**PROBLEM DETAILS**
Your answer must consist of exactly the lines below, starting with the line with "NORCO Revolver C3 120/130 Raw Fast Black" and going on through the line with "[SN DZ062726] USED", and nothing else.

**SUPPLIED DATA**
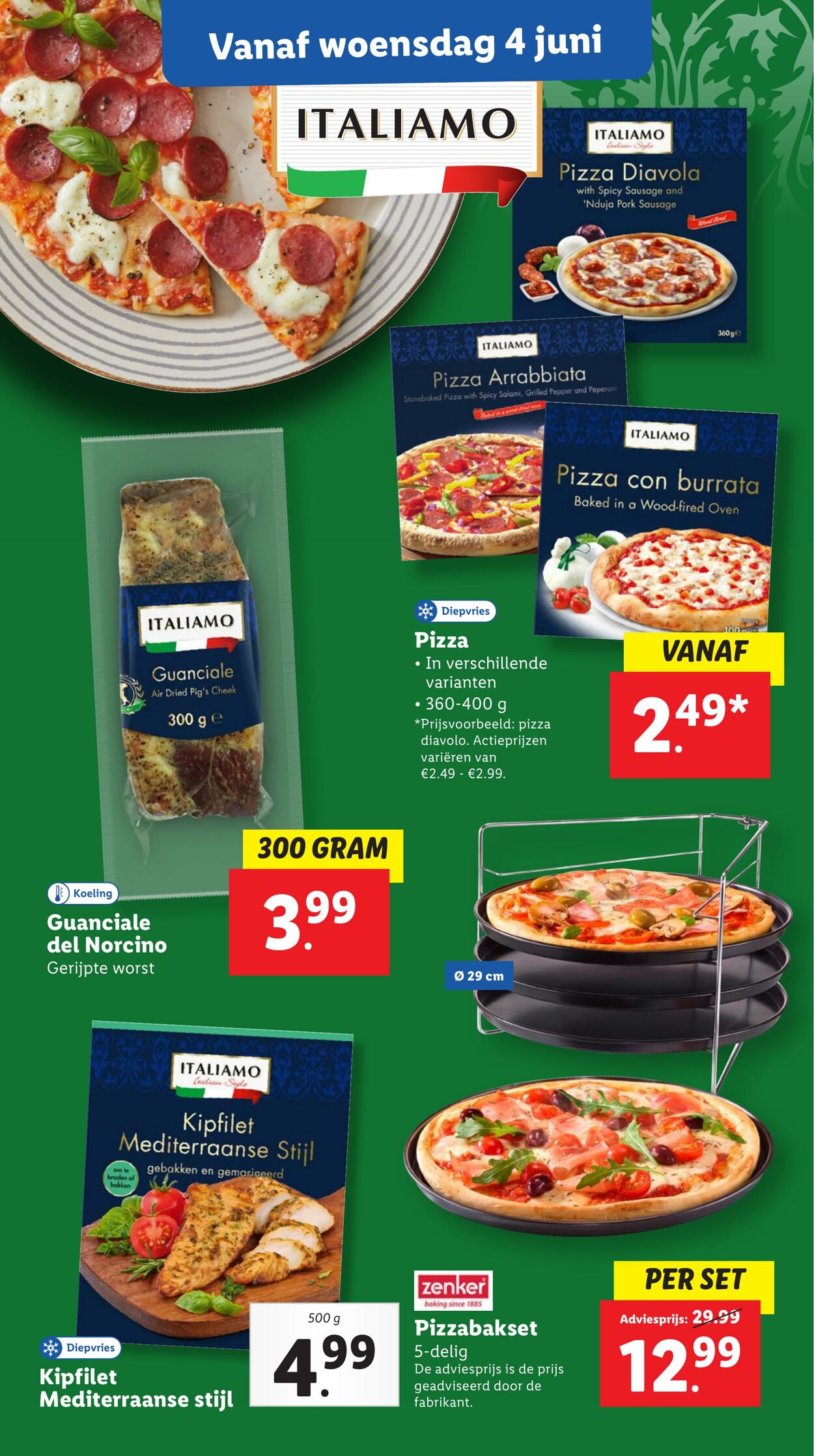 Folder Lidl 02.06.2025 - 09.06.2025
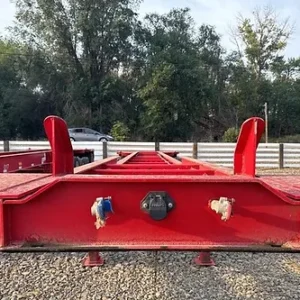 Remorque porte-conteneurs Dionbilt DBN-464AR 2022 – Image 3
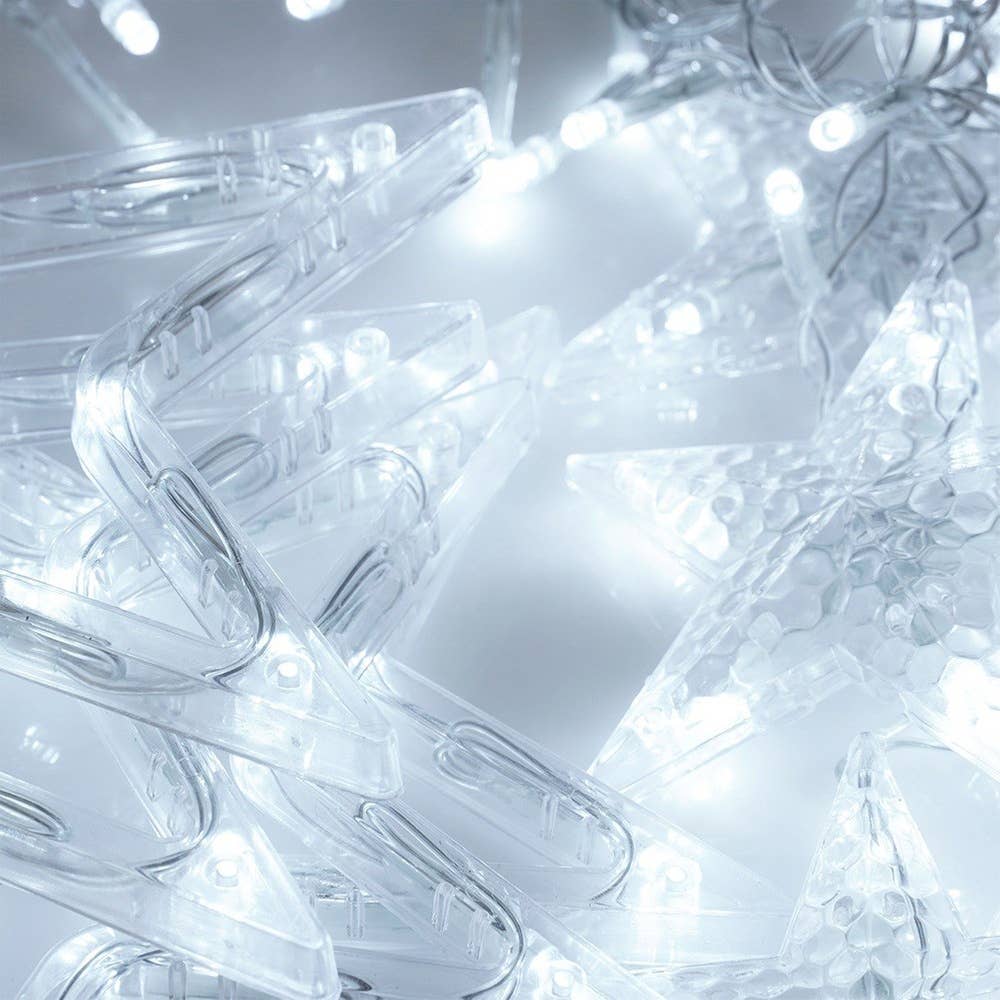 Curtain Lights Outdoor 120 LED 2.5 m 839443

---

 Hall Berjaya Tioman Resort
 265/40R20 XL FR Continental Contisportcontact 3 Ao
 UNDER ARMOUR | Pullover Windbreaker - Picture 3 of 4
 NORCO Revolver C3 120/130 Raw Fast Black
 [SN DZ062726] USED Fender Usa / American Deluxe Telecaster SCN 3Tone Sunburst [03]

**SOLUTION FOR THIS TASK**
 NORCO Revolver C3 120/130 Raw Fast Black
 [SN DZ062726] USED Fender Usa / American Deluxe Telecaster SCN 3Tone Sunburst [03]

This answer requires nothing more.